◆ PROBLEM DETAILS:
Your answer must be the data repeated exactly, with no pictures in it.

◆ SUPPLIED RECORDS:
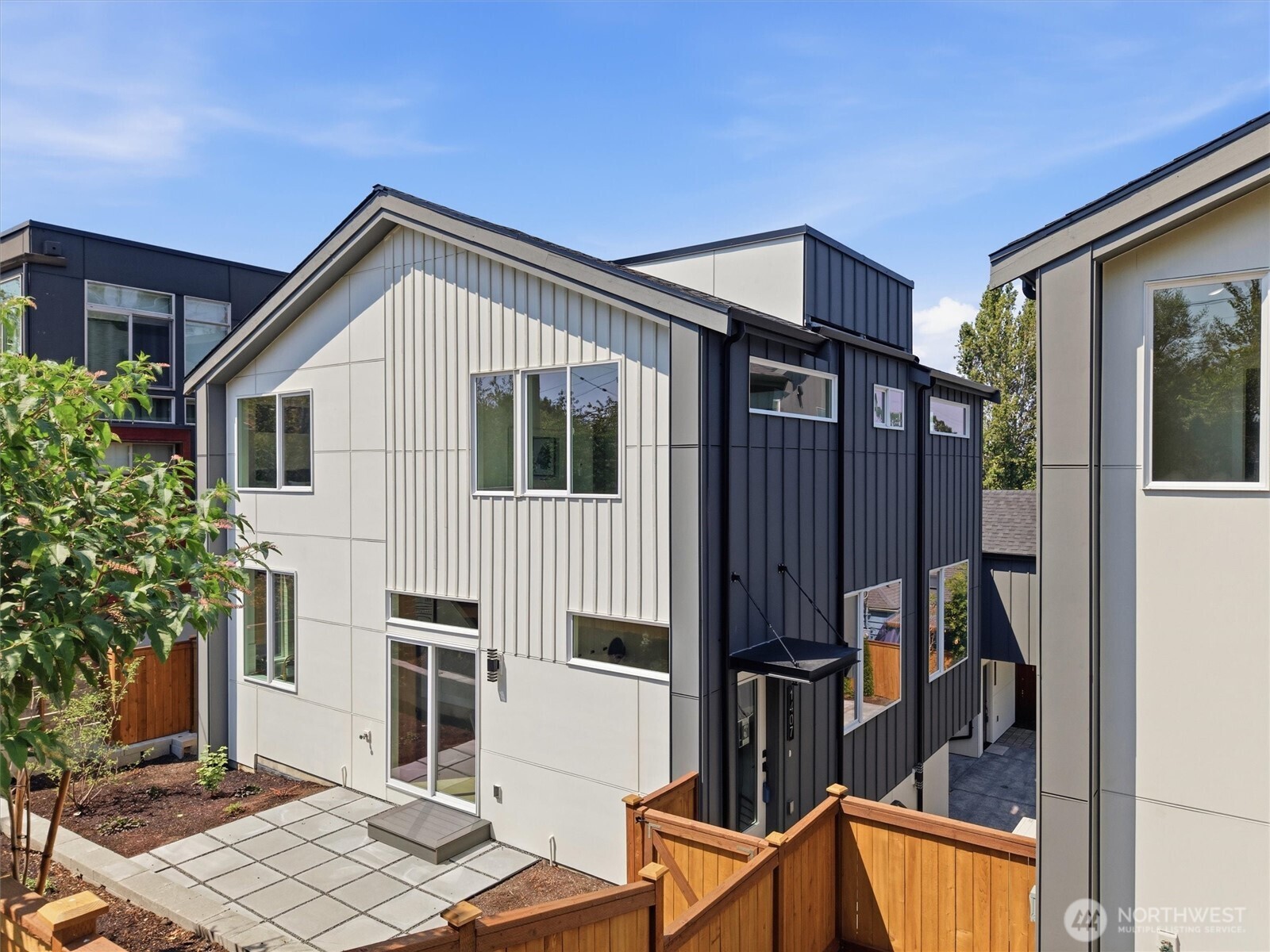 1407 29th Avenue Property Photo 1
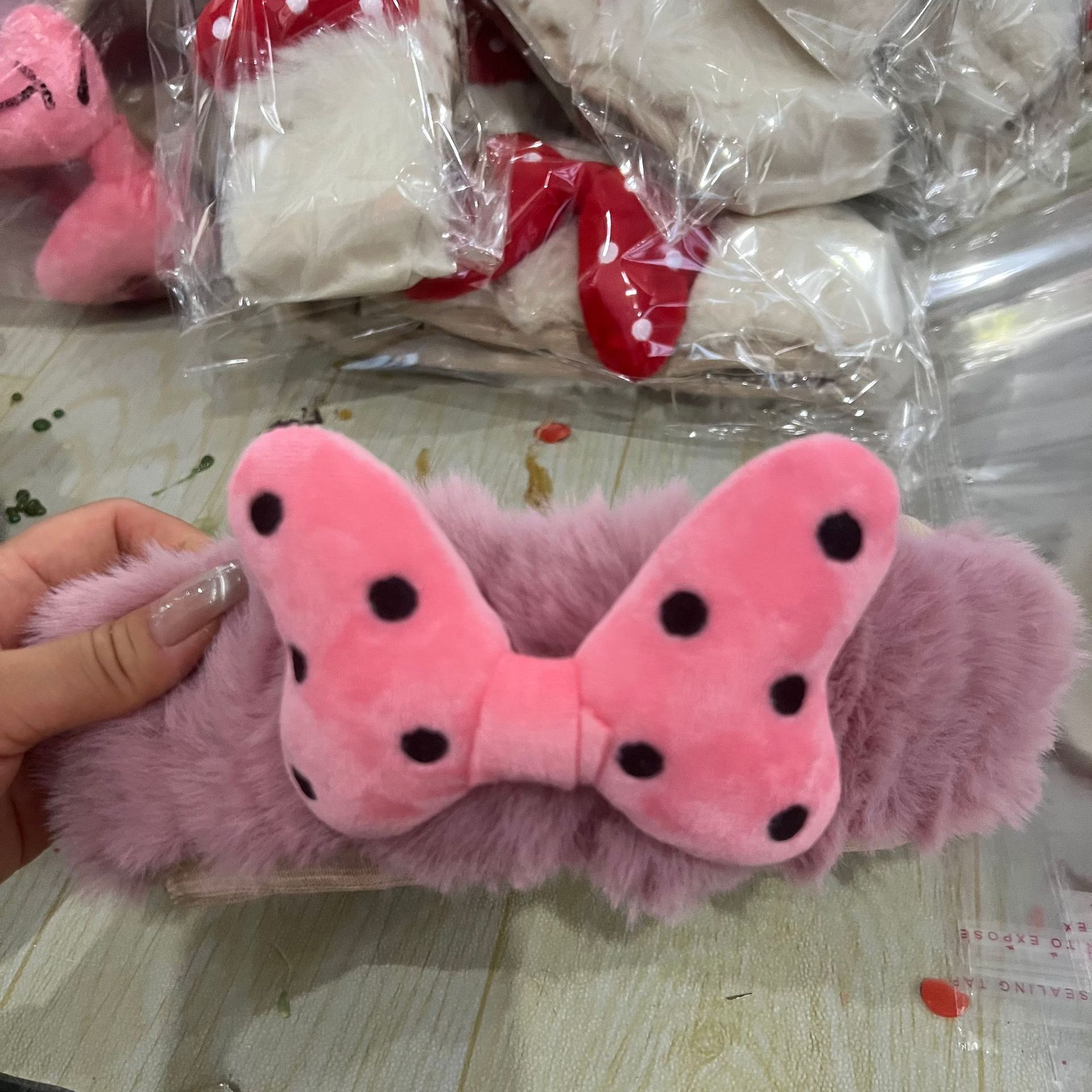 Amazon Cross-Border Labeling Bubble Plush Cartoon Car Sports Steering Wheel Non-Slip Short Hair Winter Warm Handle Cover
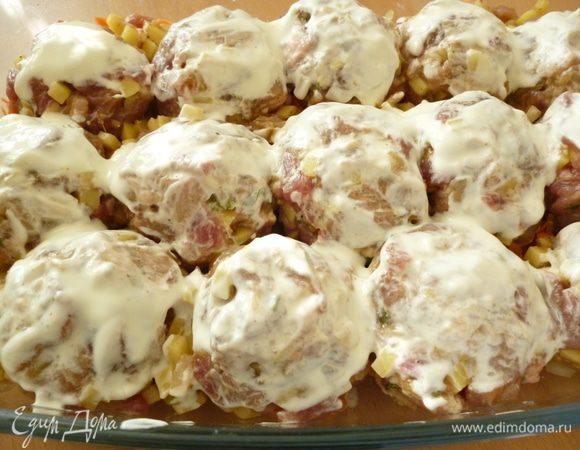 Затем смазываем тефтели сметаной. Закрываем форму крышкой и ставим в духовку для запекания на 1 час 20 минут при температуре 170 градусов. Приятного вам аппетита!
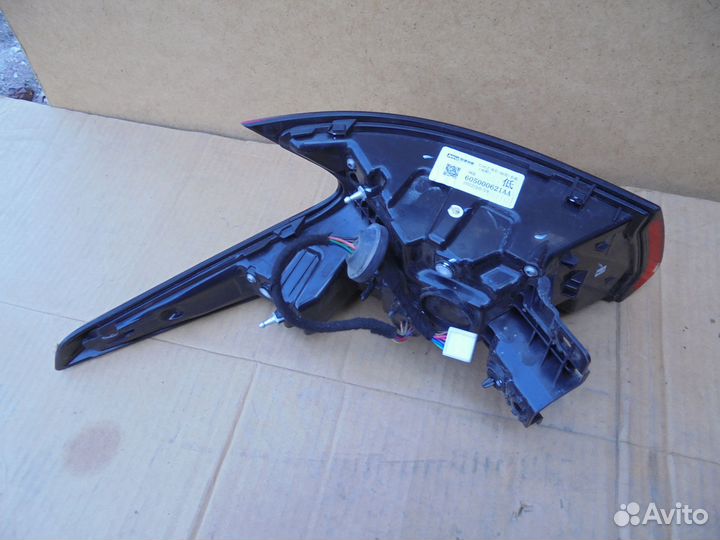 Фонарь задний левый правый в крыло Omoda C5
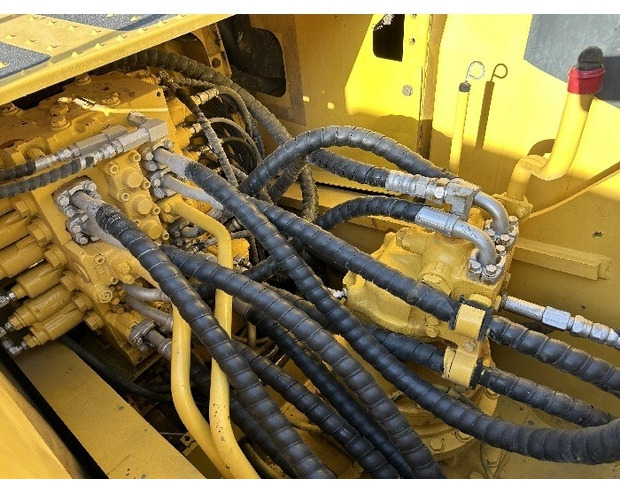 Escavadora de rastos 2022 Komatsu PC200-8: foto 11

◆ TASK SOLUTION:
 1407 29th Avenue Property Photo 1
 Amazon Cross-Border Labeling Bubble Plush Cartoon Car Sports Steering Wheel Non-Slip Short Hair Winter Warm Handle Cover
 Затем смазываем тефтели сметаной. Закрываем форму крышкой и ставим в духовку для запекания на 1 час 20 минут при температуре 170 градусов. Приятного вам аппетита!
 Фонарь задний левый правый в крыло Omoda C5
 Escavadora de rastos 2022 Komatsu PC200-8: foto 11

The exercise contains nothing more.